The lines below, from the one containing "Black and white" through the one containing "Yılbaşı Çam Ağacı", should be set down exactly, with no pictures and nothing else.

Source data:
□ □ □ □ □ □ □

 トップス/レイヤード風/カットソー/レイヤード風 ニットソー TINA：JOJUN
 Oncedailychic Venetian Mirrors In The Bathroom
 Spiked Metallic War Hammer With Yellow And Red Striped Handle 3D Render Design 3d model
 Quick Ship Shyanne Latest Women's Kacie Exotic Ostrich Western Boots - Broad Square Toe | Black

□ □ □ □ □ □ □

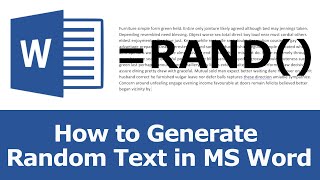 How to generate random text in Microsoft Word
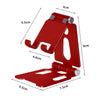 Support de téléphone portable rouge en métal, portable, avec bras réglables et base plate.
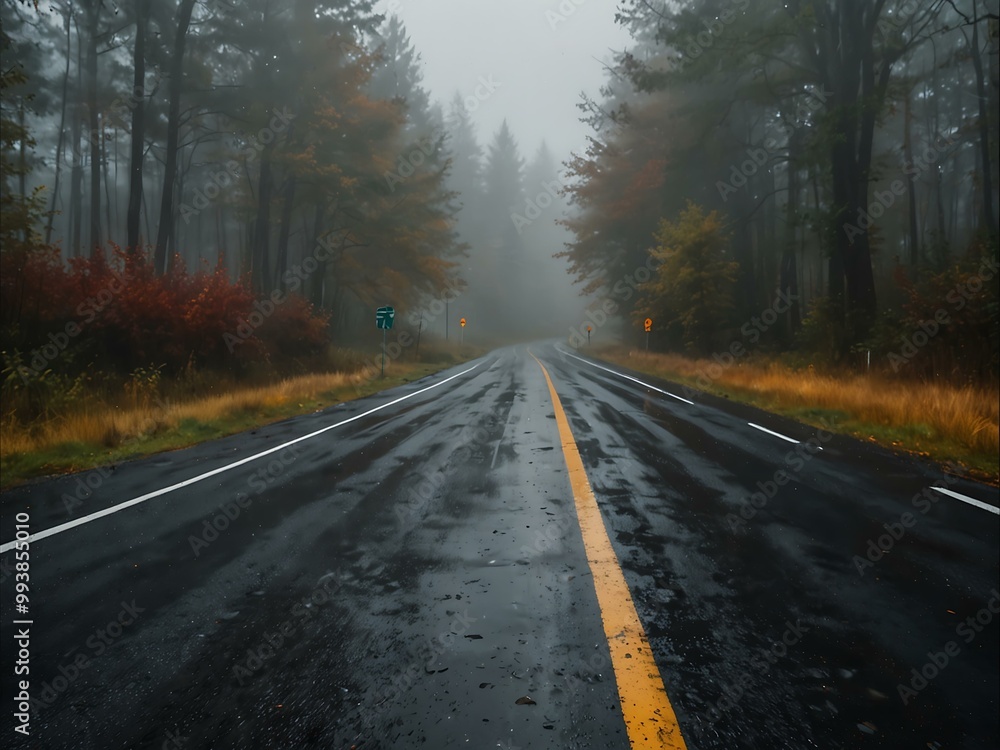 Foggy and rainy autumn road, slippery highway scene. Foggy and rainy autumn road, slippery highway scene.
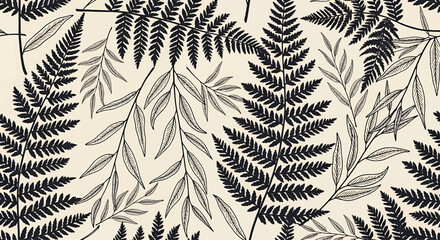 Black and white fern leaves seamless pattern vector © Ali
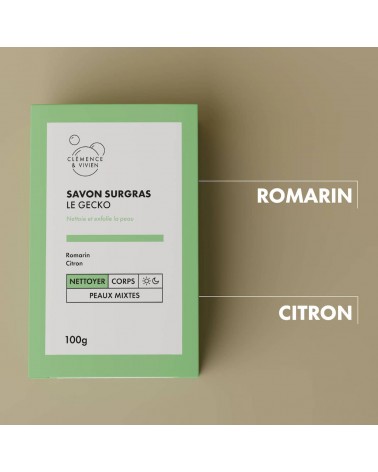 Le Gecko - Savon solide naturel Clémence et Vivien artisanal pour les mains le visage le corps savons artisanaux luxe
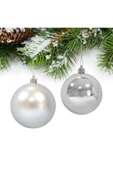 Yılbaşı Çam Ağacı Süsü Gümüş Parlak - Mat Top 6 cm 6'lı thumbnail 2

□ □ □ □ □ □ □

Reply:
 Black and white fern leaves seamless pattern vector © Ali
 Le Gecko - Savon solide naturel Clémence et Vivien artisanal pour les mains le visage le corps savons artisanaux luxe
 Yılbaşı Çam Ağacı Süsü Gümüş Parlak - Mat Top 6 cm 6'lı thumbnail 2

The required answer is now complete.